Is green coming back in fashion for the cycle trade?

The green aspect of cycling figures a lot less in the cycle industry than outsiders might think.

So cycling is a greener way to get around? Great. But that’s a nice additional extra, rather than a reason to shift a new bike, secondary to reasons like ride quality, looks, brand and so on. Reasons to ride like traffic-jam dodging and relative cheapness all seem to figure far higher than ecological concerns.

Maybe vocal climate change doubters and the likes of Jeremy ‘climate change is science fiction’ Clarkson have contributed to ecologically sound ideals being less fashionable than they used to be, say, 15 years ago.

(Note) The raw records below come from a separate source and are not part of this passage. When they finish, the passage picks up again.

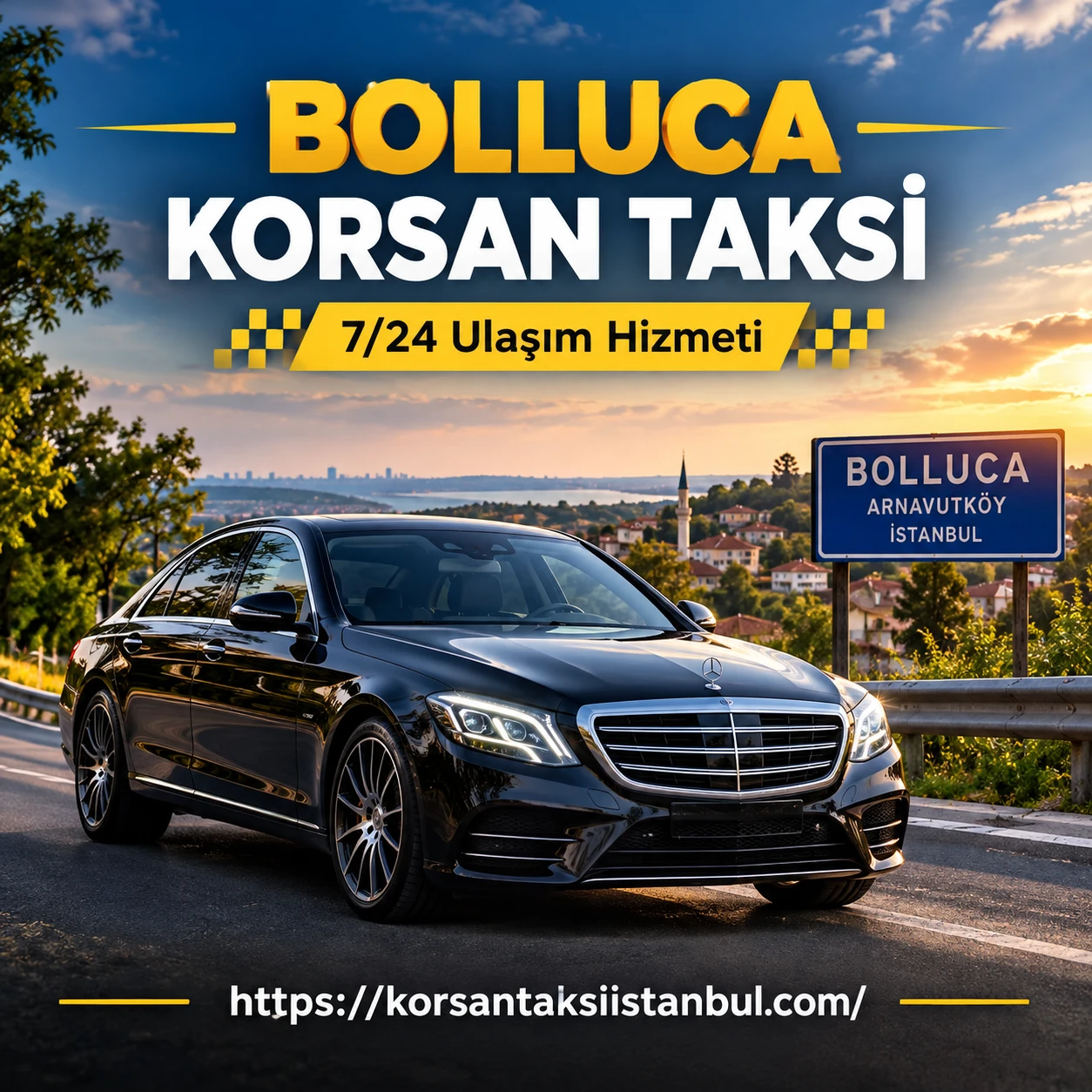 Bolluca Korsan Taksi 3 Bolluca Korsan Taksi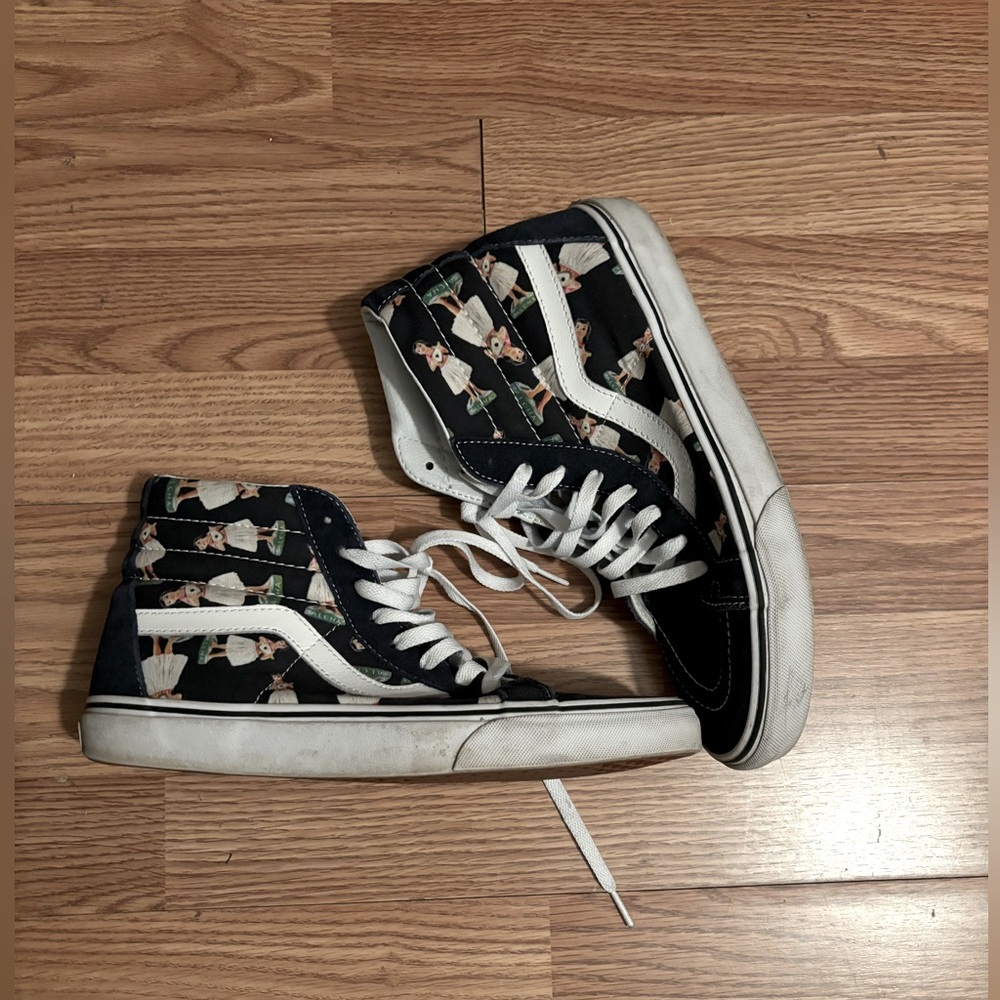 Van’s Men’s size 9 High Top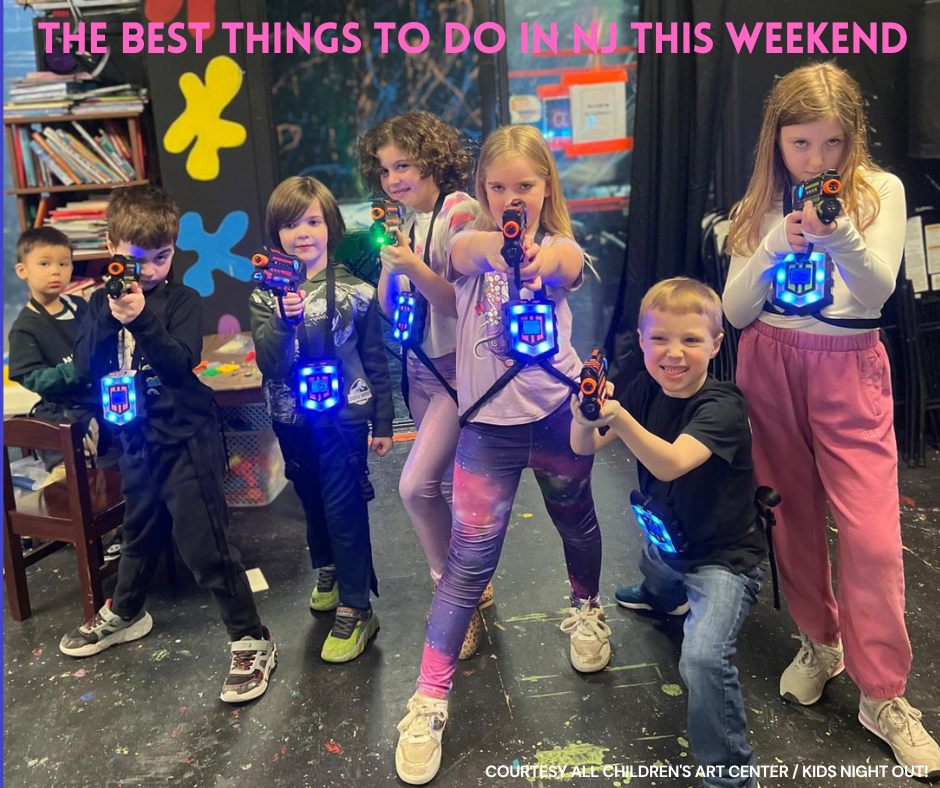 Things to Do This Weekend in NJ 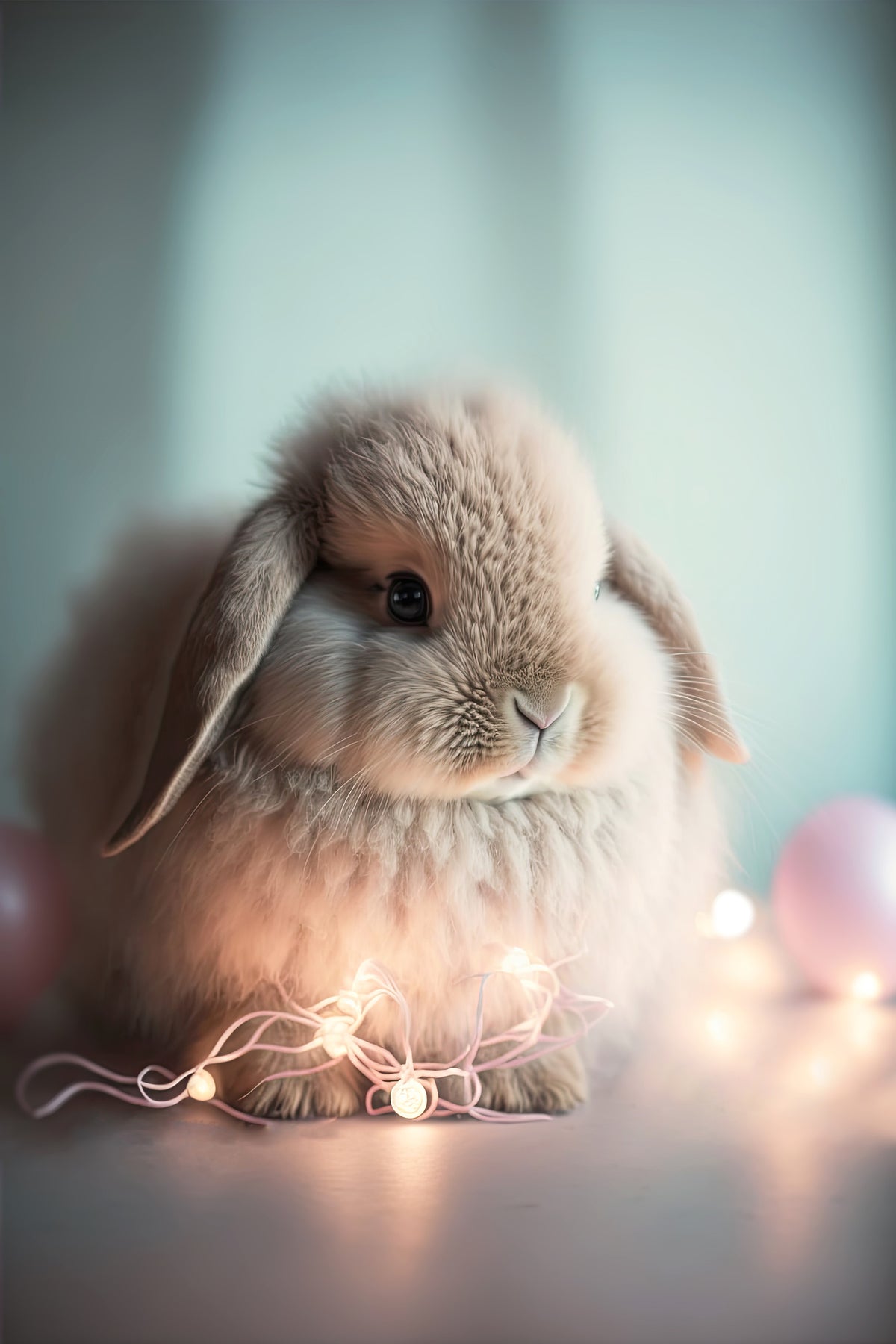 framedposter-print-fluffy-glow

No doubt bringing the majority of cycle product all the way from the Far East, adding to the carbon footprint of the majority of bicycle kit available on the shelves has clouded the issue slightly and left the bicycle’s green credentials altogether less clear cut than one might assume at face value.

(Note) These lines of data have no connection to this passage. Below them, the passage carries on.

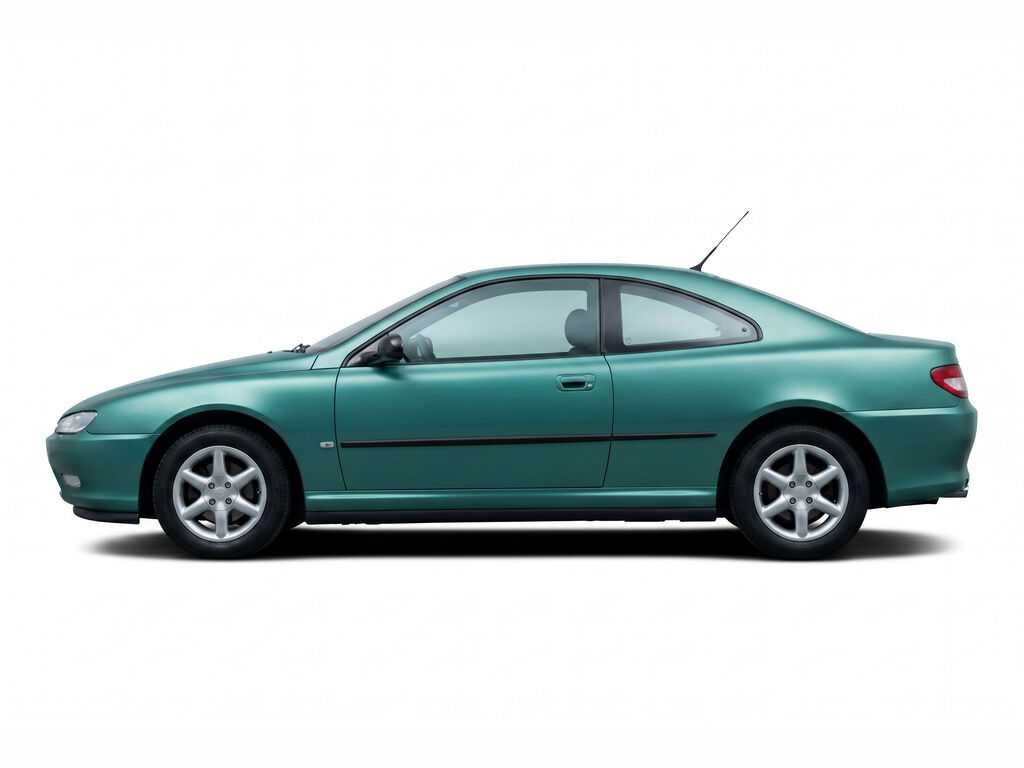 Peugeot 406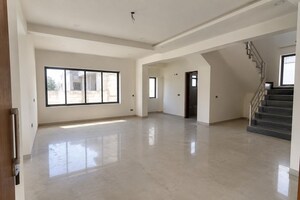 Living Room in 3 BHK Villa at Medimallasandra – for Sale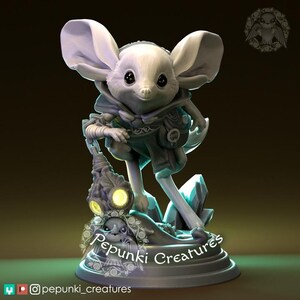 Jerboa Figure - Etsy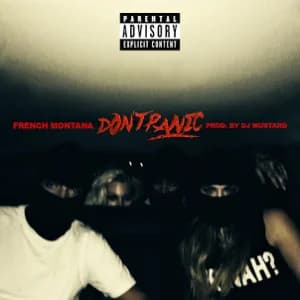 Don't Panic album cover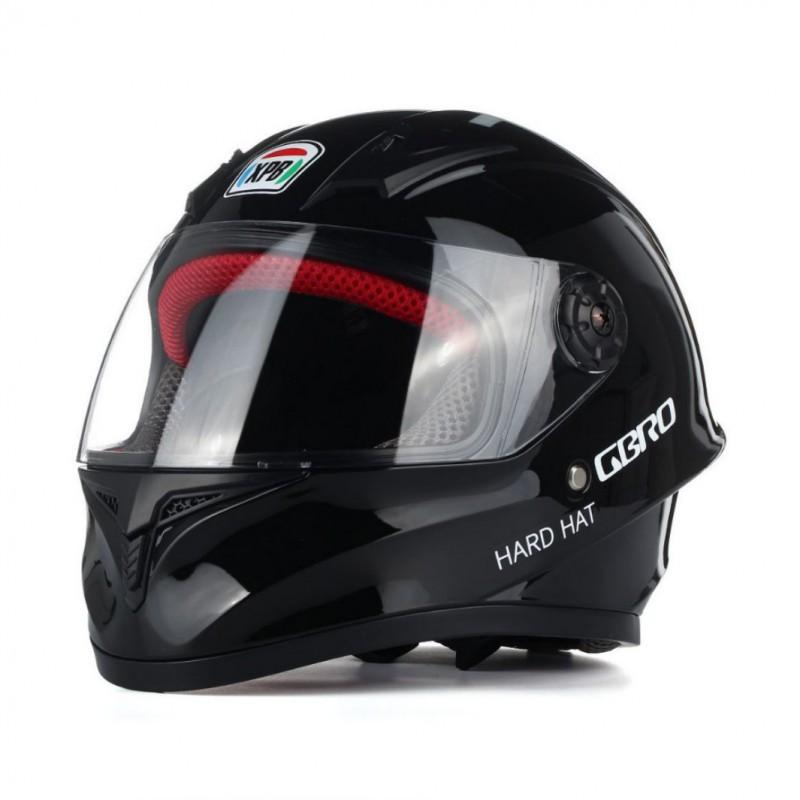 Casco da equitazione per bambini versione Karting Mountain Bike ATV Modello Full DH Downhill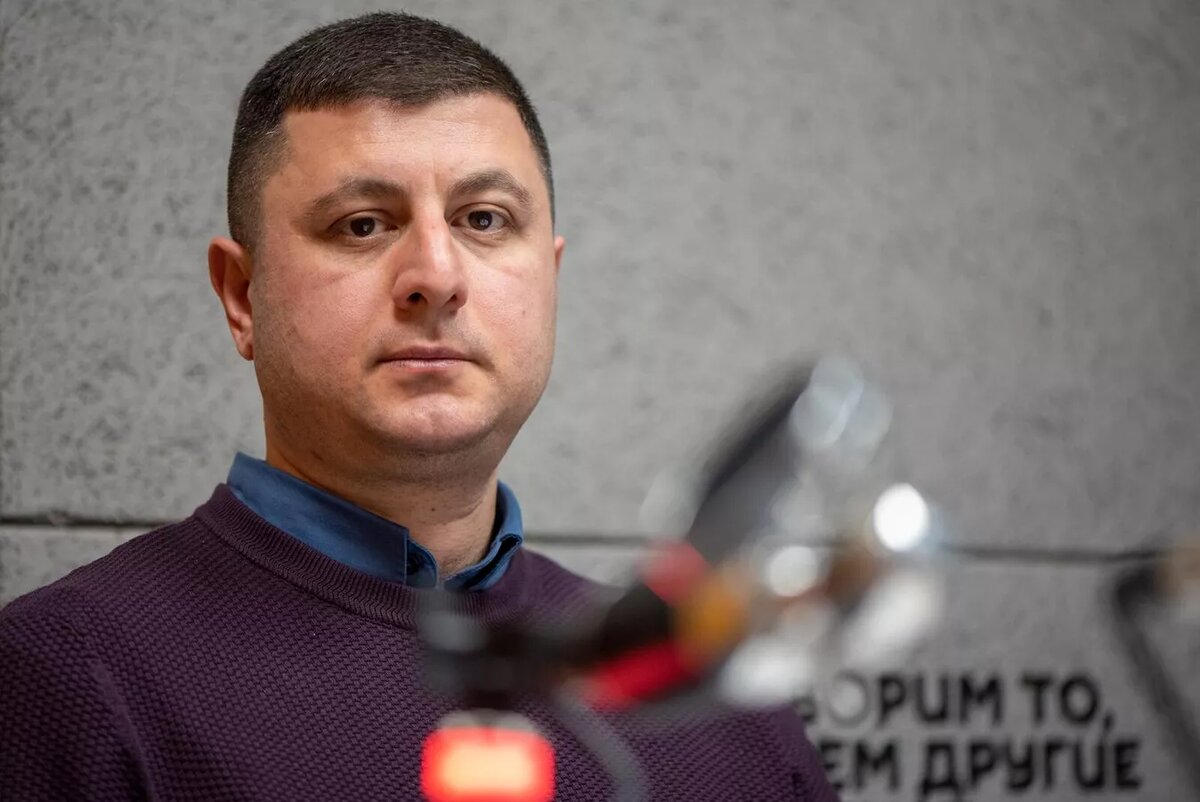 © Sputnik / Andranik Ghazaryan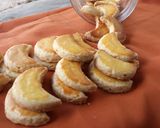Foto langkah ke 4 dari resep Kue kacang keju Crunchy.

But while being green may indeed not be easy, as Kermit the Frog memorably observed, it does seem to be gathering momentum again in the cycle industry.

At Eurobike there was a number of companies making moves to become more ecologically sound. 

Perhaps most obviously, Dahon has launched a ‘Green Award’, stumping up thousands of Euros to a green initiative, whether that’s run by an organisation, company or even city. The folding bicycle manufacturer is also attempting to become more environmentally aware in its practices at its headquarters, cutting down on paper and other similar initiatives. Elsewhere the likes of Cube has launched a ‘Cube Eco Tested’ label for its accessories, meaning they are produced environmentally friendly. And we hear of other manufacturers have been keen to cut down on packaging – particularly for accessories – also handily saving money in the process.

At a time when the consumer is no less stretched than it has been for the last four years – perhaps more stretched than ever – it’s interesting to see bicycle businesses making these moves. Are consumers demanding the cycle industry is more environmentally friendly? Not on any evidence I’ve seen or heard. Instead the movement seems to have come from within.

Whether it will be a flitting ideal forgotten about this time next year remains to be seen, but as another reason for singing the praises of the cycle industry, we’re all for it.